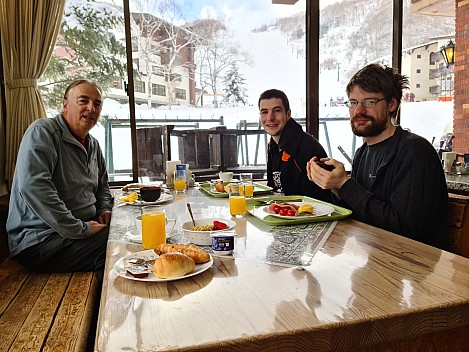 Jim, Adrian and Kevin breakfasting at Hotel Alpenburg
Photo: Simon
2024-03-07 07.36.45; '2024 Mar 07 11:36'
Original size: 9,248 x 6,936; 13,217 kB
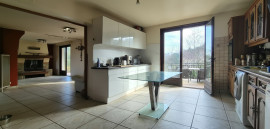 
                                                                                        Vente
                                                                                         Maison traditionnelle de T5 de 150 m² + garage sur un terrain de 1160 m²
▬▬▬
### EXERCISE DIRECTIONS
Exactly the lines from the one holding "Photo: Simon" through the last line of the entries, both included, are to be duplicated; leave the pictures out.

### REPLY TO THE EXERCISE
Photo: Simon
2024-03-07 07.36.45; '2024 Mar 07 11:36'
Original size: 9,248 x 6,936; 13,217 kB
                                                                                        Vente
                                                                                         Maison traditionnelle de T5 de 150 m² + garage sur un terrain de 1160 m²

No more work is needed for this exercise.